TCS Daily

Behold the Mothership

By Kenneth Silber - September 5, 2003 12:00 AM

The growing role of unmanned air vehicles (UAVs) in combat has given rise to expectations -- both hopes and fears -- that UAVs increasingly will take over functions from fighter jets and their pilots. It has been thought that the human role in combat aviation will both shrink and be largely relegated to people on the ground.


However, as often occurs with scenarios about humans being automated out of the picture, the reality may turn out to be very different. One thrust of current technology development pushes in the opposite direction, giving fighter pilots a new and crucial role and turning their fighter planes into "motherships" that will control UAVs from the air.


A new program at Boeing's Phantom Works (as the company's research and development arm is called) aims to enable a two-seat fighter jet such as an F-15E to serve as a command-and-control center for UAVs. It is hoped that, within two years, the program will demonstrate that a fighter jet can send a UAV ahead to locate targets or air defenses. A later goal would be for the fighter to direct the UAV in striking at targets.


The program, which goes by the ungainly name Embedded System Infosphere Interoperability Demonstration (ESIID), was described in the August 18, 2003 issue of Aviation Week. ESIID builds on recent advances at Phantom Works in expanding airborne communications and computing links. Such research is in keeping with the military's growing emphasis on "network-centric" warfare, in which vast quantities of information can be readily shared among different components of a fighting force.

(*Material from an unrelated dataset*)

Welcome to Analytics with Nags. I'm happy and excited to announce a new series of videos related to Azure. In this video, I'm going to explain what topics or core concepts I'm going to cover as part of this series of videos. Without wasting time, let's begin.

Earlier this year, a technology demonstration was conducted in which two piloted planes -- an F-15E and a 737, flying over 100 miles apart -- coordinated an attack on a simulated surface-to-air missile launcher. A two-way Internet-like connection was established between the two planes, such that the crews could share images and overlays; a picture of a target area, for instance, could be marked with text or circles or hand-drawn lines. The simulated launcher, though hidden in a wooded area, was located on the first pass.


An F-15E typically carries a pilot and a backseat weapons officer. If the plane were serving as a mothership, the backseat officer would coordinate one or more UAVs while the pilot focuses on flying. ESIID project managers hope to establish that an F-15E can operate in coordination with a fast, combat-oriented UAV such as the Boeing X-45. Since an F-15E does not have stealth technology, there would be a huge advantage in sending fast, stealthy UAVs ahead, allowing human pilots to avoid lethal air defenses.

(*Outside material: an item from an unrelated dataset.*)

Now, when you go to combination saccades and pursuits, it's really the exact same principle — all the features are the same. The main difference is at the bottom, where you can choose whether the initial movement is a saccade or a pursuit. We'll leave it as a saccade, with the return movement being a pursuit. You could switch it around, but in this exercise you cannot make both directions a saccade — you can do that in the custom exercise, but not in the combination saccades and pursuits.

Placing control of a UAV in the air, rather than on the ground, may enable a degree of flexibility and awareness that would not be matched by a pilot operating at headquarters. It is likely that the combination of piloted vehicles and UAVs will save the lives of pilots, while maintaining the advantages of having pilots in the air. One can imagine, also, that attacks and maneuvers of unprecedented complexity will be developed, as aviators learn to think of themselves as commanders not only of their own planes but of fleets of UAVs.


Even once all that takes shape, there may remain circumstances in which a ground-based UAV commander will be the optimal arrangement, just as there may still be situations calling for an unaccompanied pilot in the sky. But the development of combinations of manned and unmanned air combat operations will mean an expanded range of options. Motherships may play a key role in winning future wars.